Boneta's allegations against the IRS stem from her long and tangled legal battle with the PEC over the group's access to her farm, which she bought in 2006.
The PEC had wanted regular access to her land to monitor adherence to a conservation easement intended to limit commercial activities and safeguard the historic and scenic value of the land.
But Boneta, who considers herself a Tea Party Republican and has held at least one fundraiser on the farm for a Tea Party U.S. Senate hopeful, said the access quickly became far too intrusive. She also accuses the environmental group of enlisting Fauquier County officials to harass her with a series of fines in recent years.
The county, for instance, has levied thousands of dollars in fines against her for selling fruits and vegetables on the property during the weekend without a proper license, even though she holds a county-approved license for a retail farm shop and for holding unlicensed events. Those events included a birthday party for her best friend's eight-year-old child and a pumpkin carving, without permits and a site plans.
The two sides have been battling over a stream of accusations and land-rights claims in court over the last few years.
But it was Boneta's allegations about the IRS audit that likely attracted the TIGTA's attention and scrutiny.
One of the members of PEC's board of directors is Margaret "Peggy" Richardson, a Clinton-era IRS commissioner.
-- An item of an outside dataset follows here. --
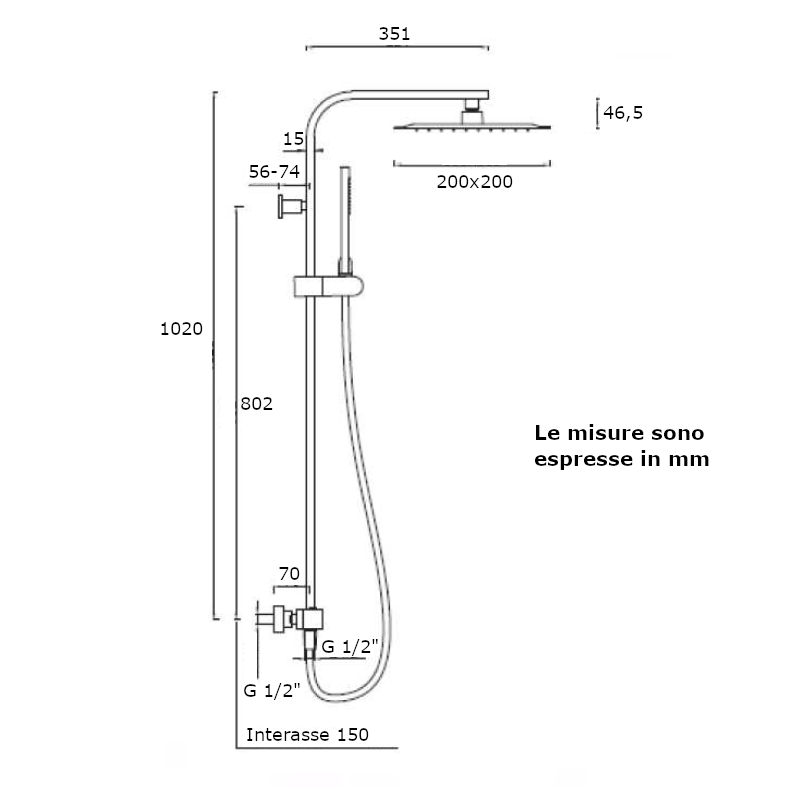 Colonna doccia Square BNCOLCQU01 Ercos con miscelatore termostatico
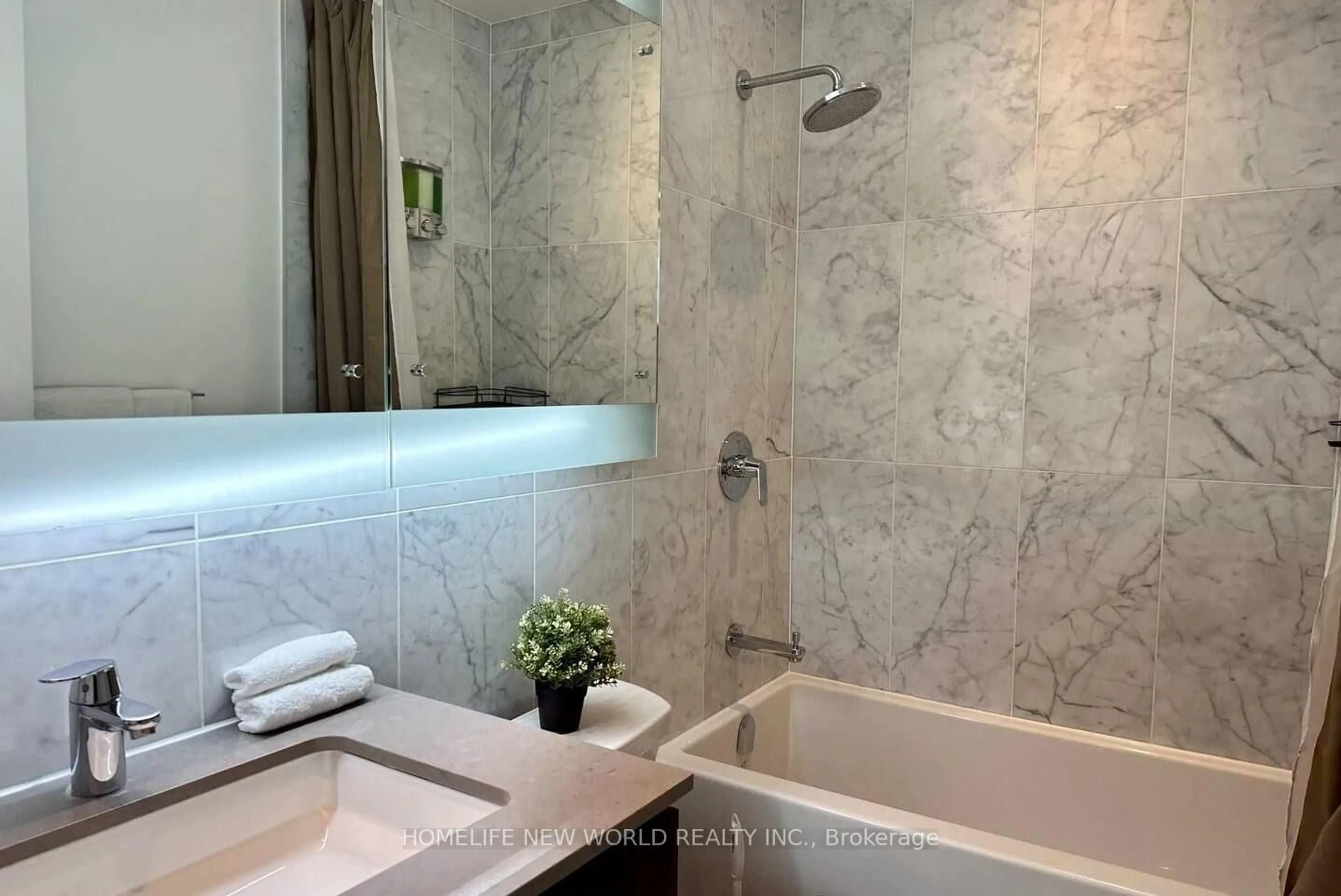 Contemporary bathroom, ceramic/tile floor for 90 Queens Wharf Rd #505, Toronto Ontario M5V 0J4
Richardson has dismissed the idea that she or the PEC group has anything to do with the audit, but did not respond to questions from the Examiner submitted to PEC and forwarded to her.
Boneta also said she learned of the IRS's plans to audit her tax returns for 2010 and 2011 during a meeting between one of her friends and supporters and Peter Schwartz, a member of the Fauquier County Board of Supervisors and a former member of the PEC board of directors, at his home on July 21, 2012.
Boneta says she didn't receive an IRS letter informing her of the audit until a few days later.
In an emailed response to the Examiner's questions back in 2013, Schwartz said he has never had any contact with the IRS or the Treasury Department with respect to Boneta or her farm and has "no knowledge of the status of the matter."
"Other than that, I have no further comment on your inquiry," he said, ignoring specific questions about whether he knew about the audit before Boneta did and the July 21 meeting with Boneta's lawyer.